Old
Baptist
Old Methodist
Churches
Old Montgomery Baptist Church
Location: Pond and Caroline streets
Location: Pond and Caroline streets
Baptists in Montgomery organized a
fellowship in 1850 and purchased land at this site the
same year. In 1853, the Rev. Thomas Chilton became the
church's first full-time pastor. This vernacular Gothic
revival sanctuary was constructed in 1902, during the
pastorate of O. P. Stark, who is said to have designed
the building himself. A 1918 storm destroyed the upper
part of the steeple, and an education wing was added in
the 1940s. The congregation met here for worship until
1979. Recorded Texas Historic Landmark - 1985.
Old Methodist Church and
Churchyard
Location: Pond Street, just north of Texas 105
Location: Pond Street, just north of Texas 105
In Jan. 1839, the Rev. Isaac
Strickland organized a Methodist Church whose members
soon built a log meetinghouse on this site donated by
founders of the town of Montgomery. The churchyard came
into use for burials during the 1840s. When Pastor G. W.

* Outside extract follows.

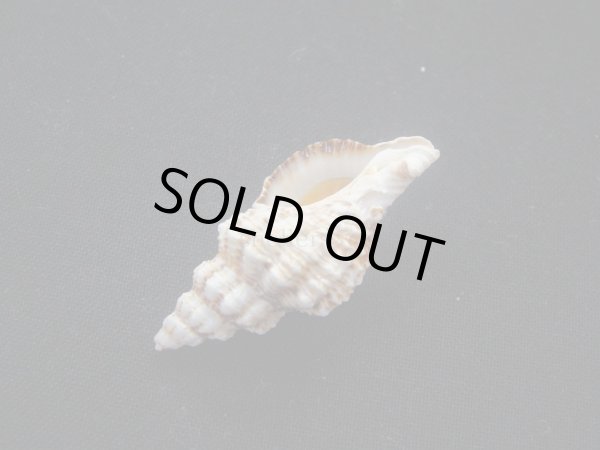 画像3: ヒメチトセボラ 大 特老成 (3)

Rabb was dying in 1851, he requested burial beneath the
altar of the frame church then being built to replace
the log cabin. His grave and a monument commemorating
pioneer circuit riders now (1976) mark the original
Methodist Church site. The church and the nearby
parsonage, which is said to have been the first
Methodist parsonage built in Texas, were relocated in
1908. A tabernacle later erected beside the cemetery has
also been demolished. A stone in this cemetery
commemorates a soldier of the American Revolution who
helped settle this county and died here. Churchyard
burials included veterans of the War of 1812, the Texas
War for Independence, Mexican War, and Civil War, as
well as many other pioneers, state and county officials,
merchants, ministers, and physicians. In some of the
unmarked graves are travelers who died here among
strangers. Although a new cemetery opened in 1868, this
one was also used until no space remained.